Dominion, NRG Energy and Duke Energy are all working aggressively towards those goals, not just in California and the Southwest, but also in emerging solar markets in the Southeast, he added.
Honeyman used Duke Energy’s purchase of a majority stake in REC Solar as one such example.
“Providing their low cost of capital and deep balance sheet to a company experienced in originating and developing commercial projects is the next, easy approach to solar for a utility,” he said.
The more complicated question, though, is how to develop solar in a utility’s service territory, Honeyman added. Regulatory constraints complicate how “to justify rate basing ownership of solar.”
It has worked for Arizona-based utilities like Tuscon Electric Power (TEP) and Arizona Public Service (APS) because “you had pre-existing capacity allocated to a utility ownership of solar program that was justifiably repurposed for rooftop solar,” Honeyman said.
Regulators also responded to those utilities’ intention to locate their rooftop solar where it bolsters grid reliability, he added.
Another justification for utility ownership is to provide solar to under-served segments of the community.
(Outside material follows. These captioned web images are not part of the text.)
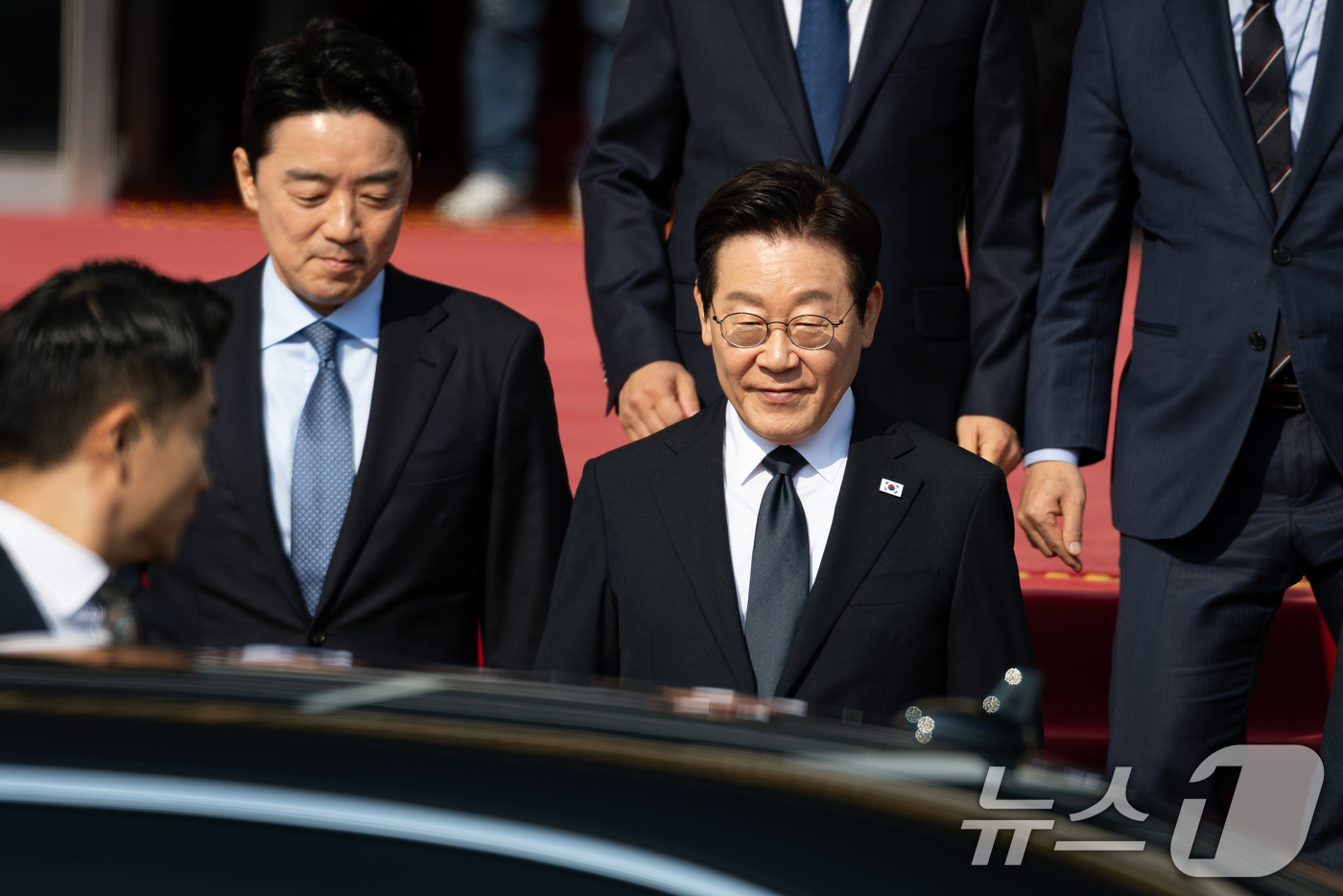 (서울=뉴스1) 유승관 기자 = 이재명 대통령이 4일 서울 여의도 국회에서 2026년도 예산안 및 기금운용계획안에 대한 시정연설을 마친 후 본청을 나서고 있다. 2025.11.4/ …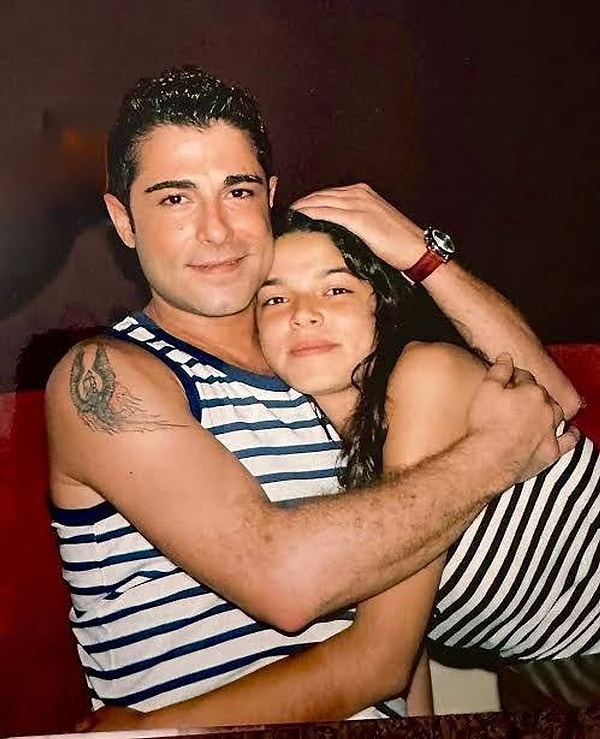 Sezen Taş'ın 34 yaşında hayatını kaybetmesi, Atilla Taş'ı ve sevenlerini derin bir yasa boğdu.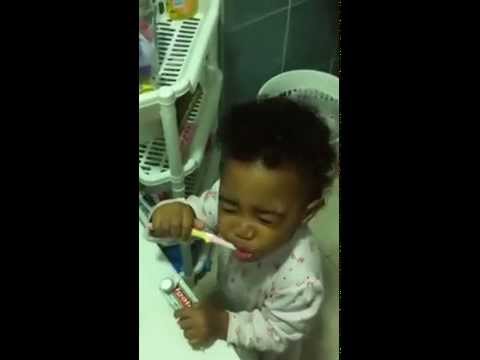 download lagu mp3 mp4 Octopizzo Wife, download mp3 Octopizzo Wife free downloadn, video klip Octopizzo Wife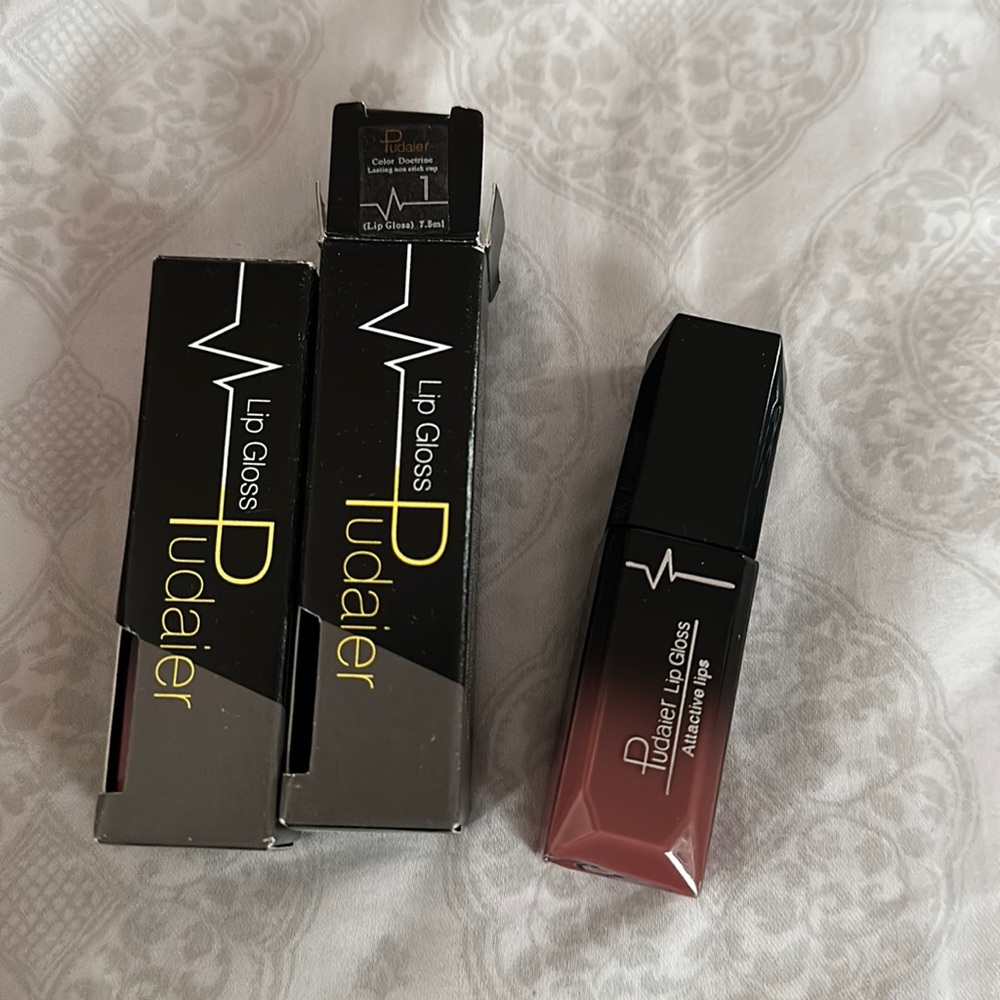 Nude/pink glossy lipstick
Many homeowners don’t have south-facing roofs that maximize production or credit scores high enough to support low interest rate loans.
Houses with west-facing roofs support grid reliability, potentially warranting utility ownership. Utility-bill secured loans could justify engaging with low FICO score customers. Both are ideas being discussed in utilities' board rooms, Honeyman said.
Finally, he said, community-shared solar offerings located at sites that boost grid reliability are increasingly recognized as a solar ownership opportunity for utilities. And it's a avenue opening up access for lower income and other under-served customers.